### [Task]
Look below for the line with "AHDWDW Dimmable Arc" and the line with "Tapis enfant motif animaux beige 160x225"; repeat exactly those two lines and all lines between them, but no pictures.
Given data Start Marker
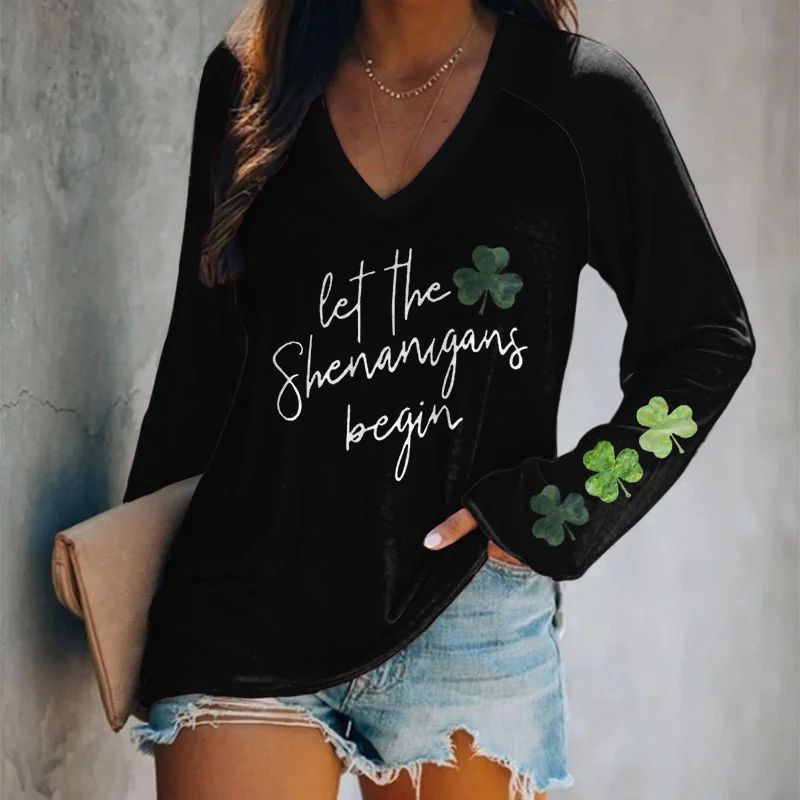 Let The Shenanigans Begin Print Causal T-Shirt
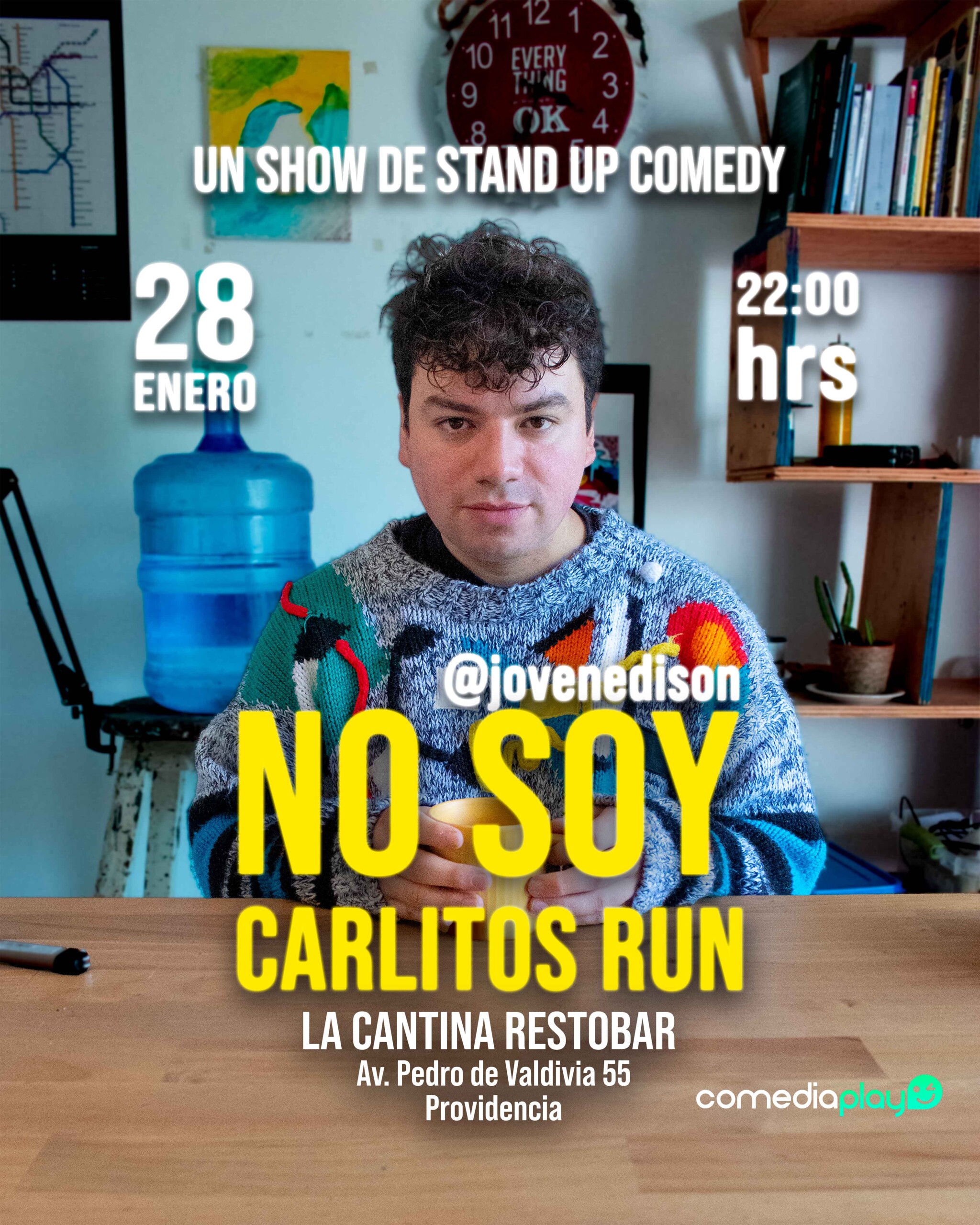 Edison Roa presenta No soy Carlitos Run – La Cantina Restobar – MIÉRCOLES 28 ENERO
Given data End Marker
Given data Start Marker
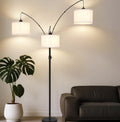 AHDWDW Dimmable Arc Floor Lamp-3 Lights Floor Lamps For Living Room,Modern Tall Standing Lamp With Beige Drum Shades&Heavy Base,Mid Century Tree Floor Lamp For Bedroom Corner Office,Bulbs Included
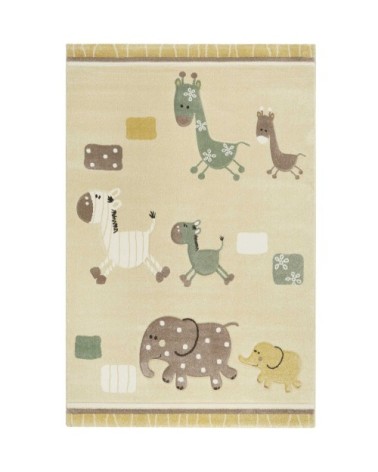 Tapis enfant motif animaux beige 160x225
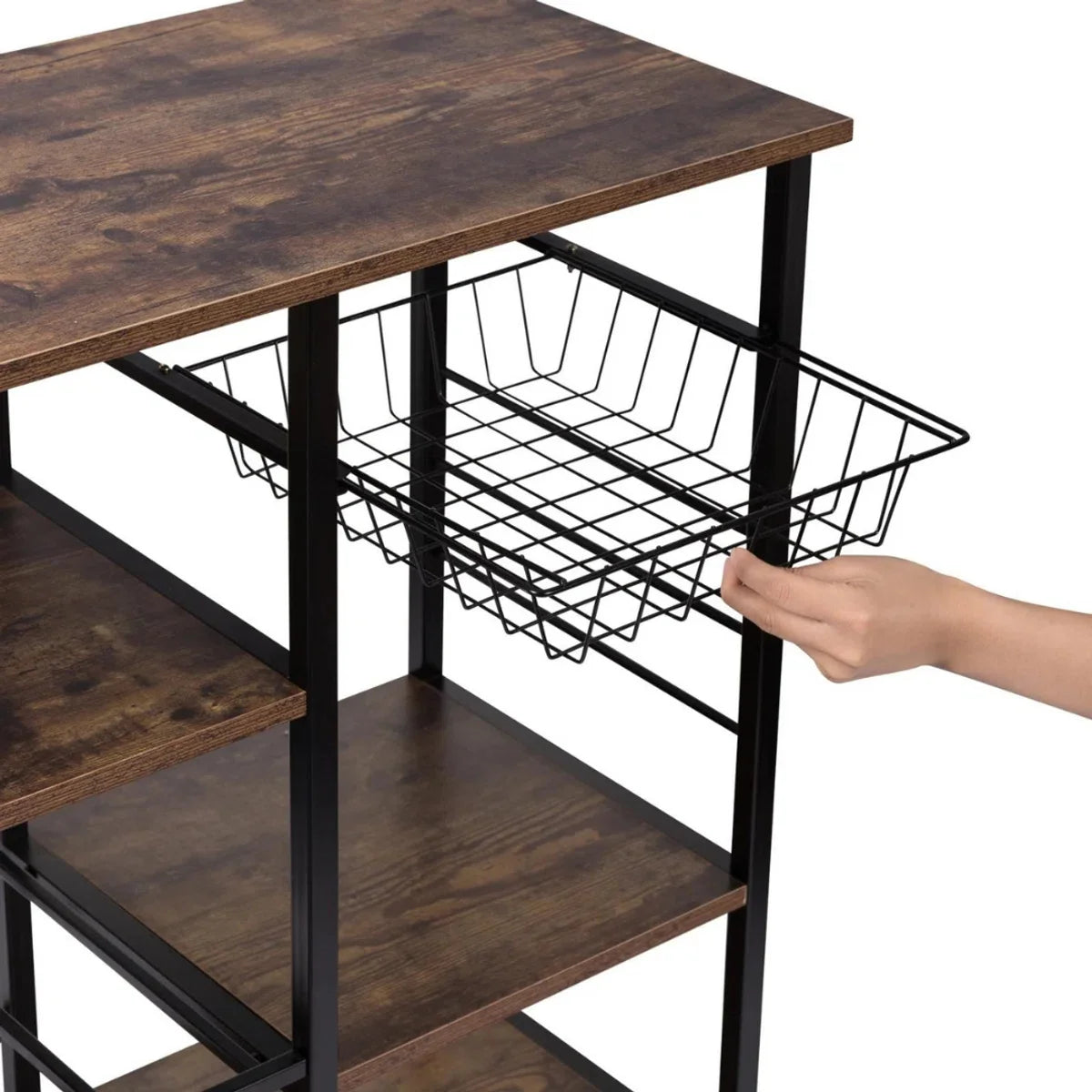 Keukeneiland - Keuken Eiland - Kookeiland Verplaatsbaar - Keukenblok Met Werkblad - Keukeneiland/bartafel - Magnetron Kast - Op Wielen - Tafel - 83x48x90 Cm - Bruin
Given data End Marker
### [Result]
 AHDWDW Dimmable Arc Floor Lamp-3 Lights Floor Lamps For Living Room,Modern Tall Standing Lamp With Beige Drum Shades&Heavy Base,Mid Century Tree Floor Lamp For Bedroom Corner Office,Bulbs Included
 Tapis enfant motif animaux beige 160x225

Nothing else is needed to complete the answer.